Práctica 4 - Amazon Warehouse


Programing an amazon warehouse robot by myself using OMPL to get the path.

Published on January 16, 2024 by vbarcena2020(abito2)

Práctica 4 - Amazon Warehouse post Robótica de Servicios OMPL Unibotics Python Docker

2 min READ

This post will show you how I progress in my task of subject “Robótica de Servicios” to program an amazon warehouse robot:


Amazon Warehouse

This task presents us with the situation of a robot in an Amazon warehouse which can lift and put down shelves. The robot has to use OMPL to get the path to the known points where the shelves are located, reach these points following the path and lift the shelves and bring them to the central point where it was located.

Planning the Implementation

The method that I have decided to implement is a sequence system with diferents states.

First, the robot get the path, then it follows it and arrive to the shelve. Then it turn and lift the shelve and follow the path back to get to the origin position and put down the shelve in there after stoping

Method Implementation

In this practice I will perform substask to convert to gaxebo coordenates to pixels and the absolute2relative function used before, also I used the OMPL class.

Used Libraries

The code libraries that I have used are time:

  • I have used numpy.
  • I have used math.
  • I have use opencv to get the path and also os.path and sys libraries needed by OMPL.

Code Functions

For this task I needed to use two functions.

The first function, called “absolute2relative”.

  • Absolute2relative function:

      def absolute2relative (x_abs, y_abs, robotx, roboty, robott):
          dx = x_abs - robotx
          dy = y_abs - roboty
    
          x_rel = dx * math.cos (-robott) - dy * math.sin (-robott)
          y_rel = dx * math.sin (-robott) + dy * math.cos (-robott)
            
          return [x_rel, y_rel]
    

The second function, called “convert_to_pixels”, is a function that is responsible to return in the pixels the corresponding coordinates in the real world.

  • Convert to pixels function

      def convert_to_pixels(x_real_world, y_real_world):
          proporcion_x = (-x_real_world + high_real_world / 2) / high_real_world
          proporcion_y = (-y_real_world + width_real_world / 2) / width_real_world
        
          x_pixels = proporcion_x * high_pixels
          y_pixels = proporcion_y * width_pixels
    
          return int(x_pixels), int(y_pixels)
    

Critical Analysis

Finally, I have to mention that to get the path I used the 2D point planning using a PPM image as a map in which an image is used as a map and defines the robot as a point, also I used opencv instead of ppm so I have to convert the code to opencv, the original code with ppm is in this link.

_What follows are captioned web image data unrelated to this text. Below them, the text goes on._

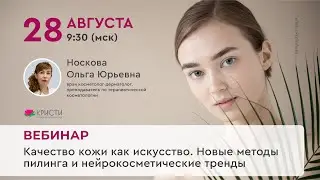 Пилинги ALCEDO: транексамовая кислота в практике косметолога
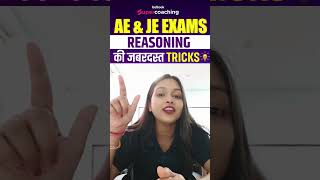 Reasoning Tricks for RRB JE &amp; SSC JE 2025 #sscjeexam #sscje #rrbje #sonalmaam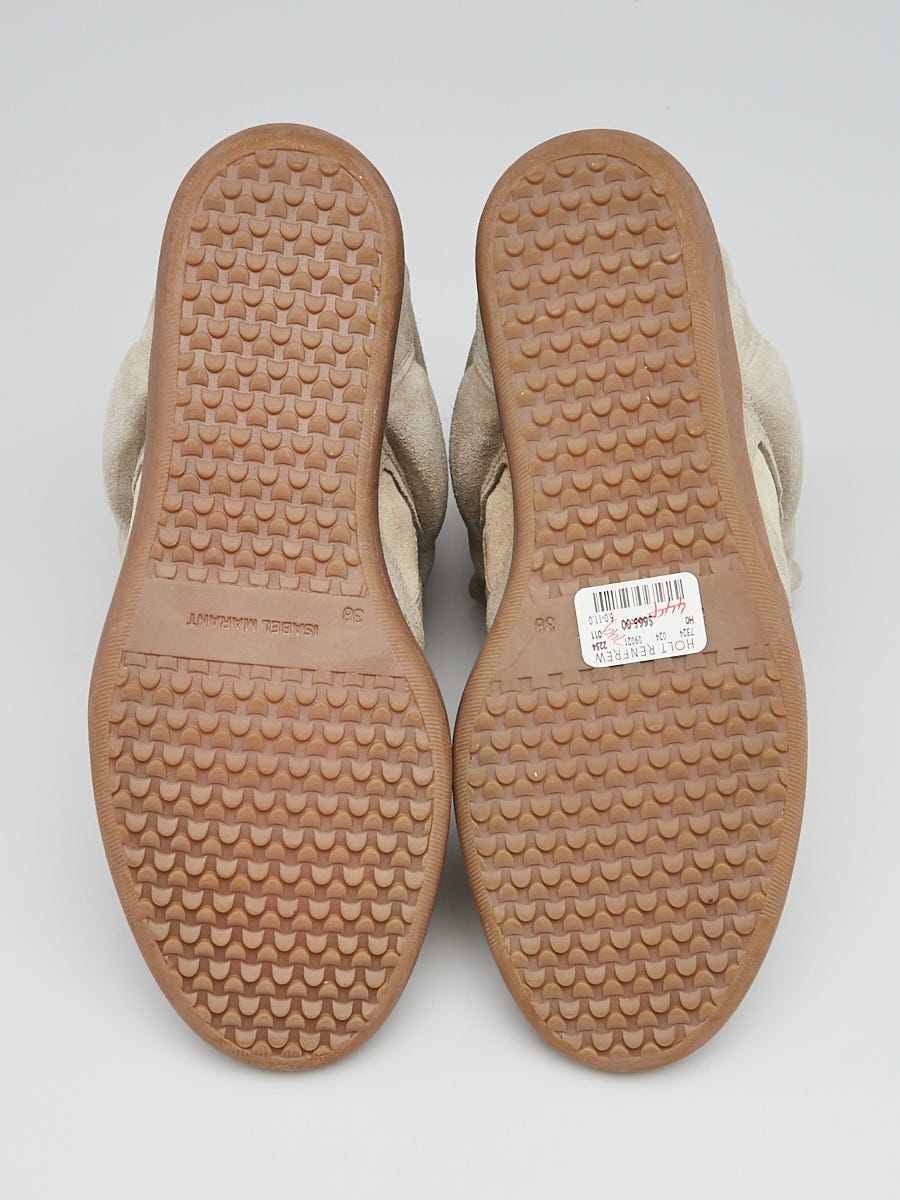 Isabel Marant Beige Suede and Leather Bekett Over Basket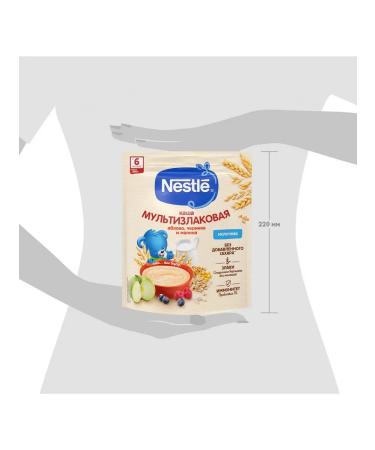 Nestle Porridge Multi -hail with apple blueberry and m - Buy Online on GoSupps.com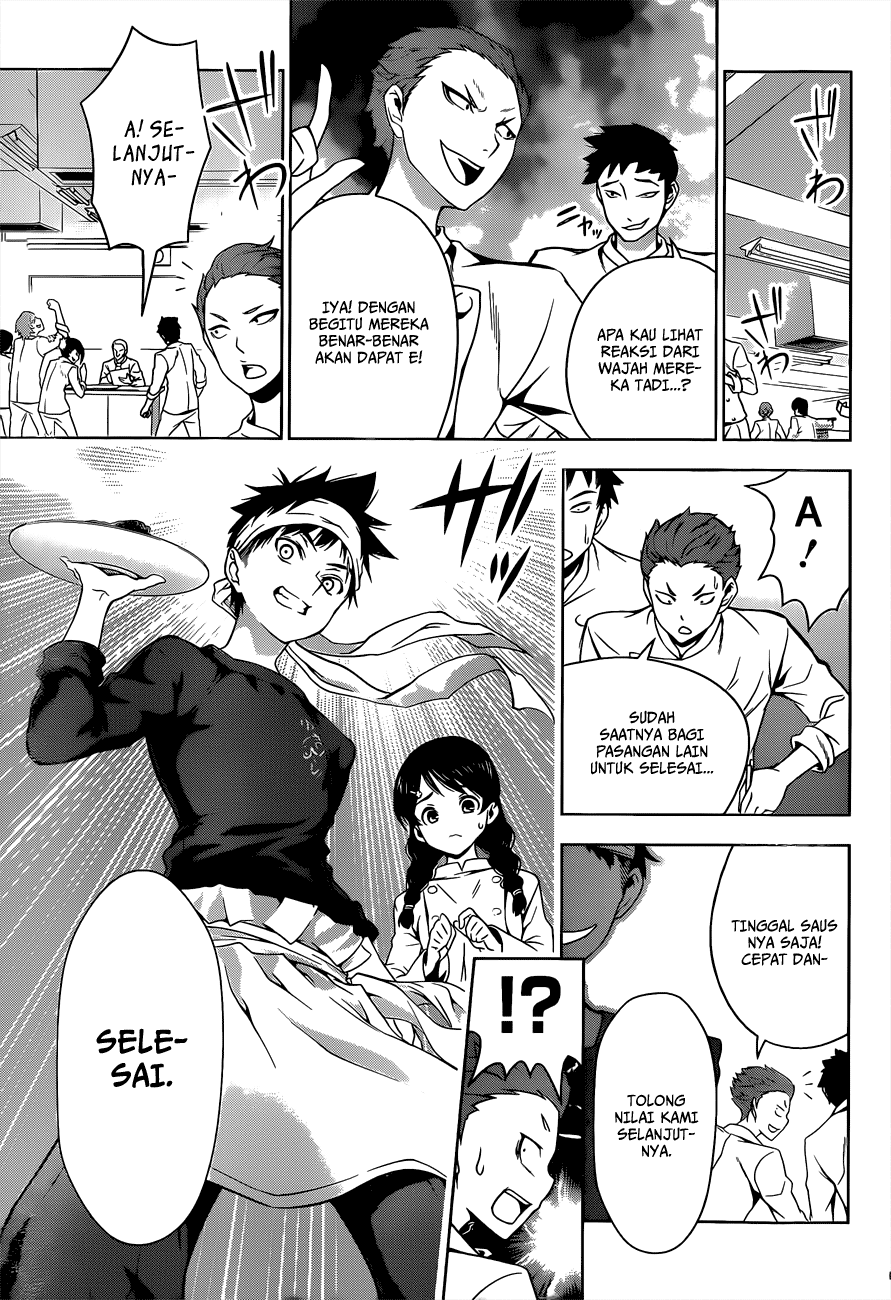 Shokugeki no Soma Chapter 5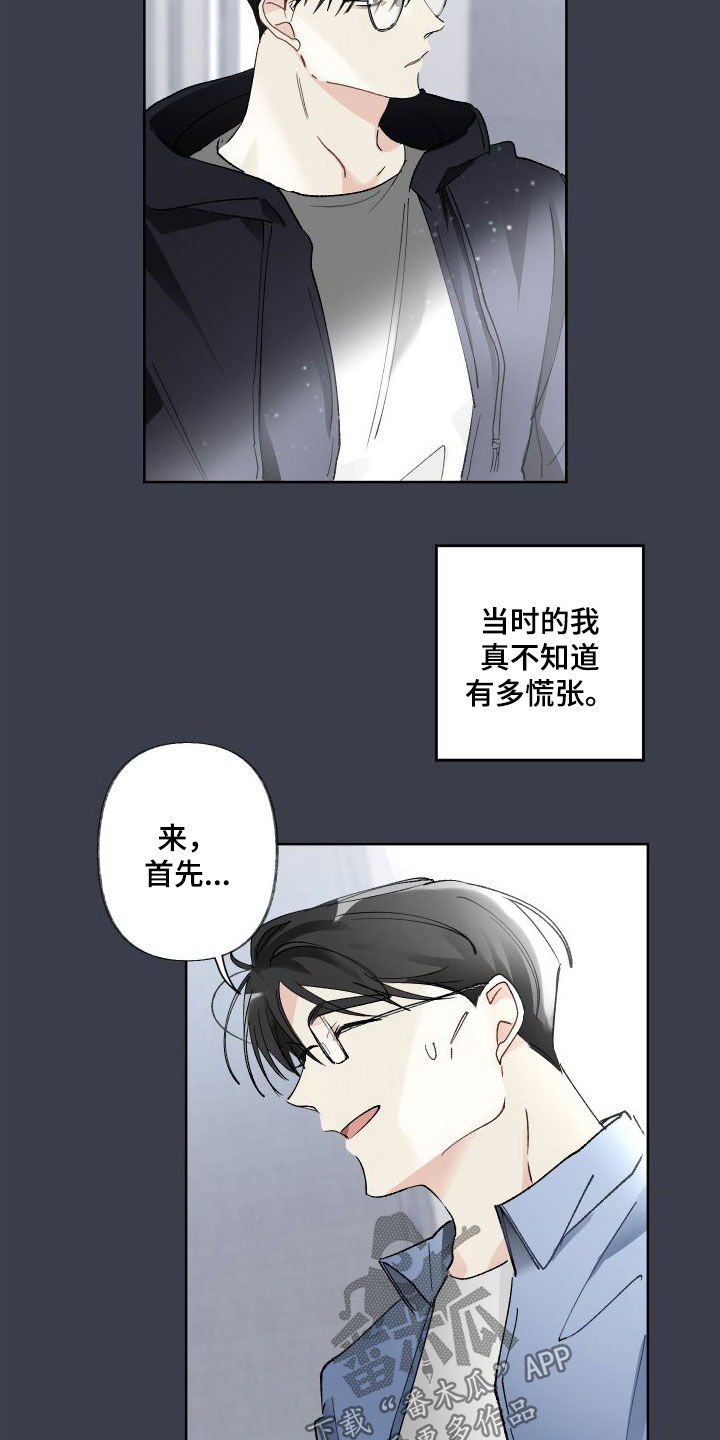 第76章：接触9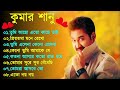কুমার শানুর সেরা হিট গান Old Bangla Songs বাংলা �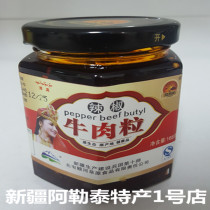 Xinjiang beef paste 3 bottles of Awule beef sauce chili sauce spicy sauce under rice sauce 168g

Also I have to mention that to follow the path I used a lower velocities because if the velocities are high enough, this will pass the point and to recover it it must make a complete turn causing it to collide with the surrounding objects and be lost.

Videos

Simulation Video

This video shows the simulation of the robot going to the first shelve and move it to the origin point.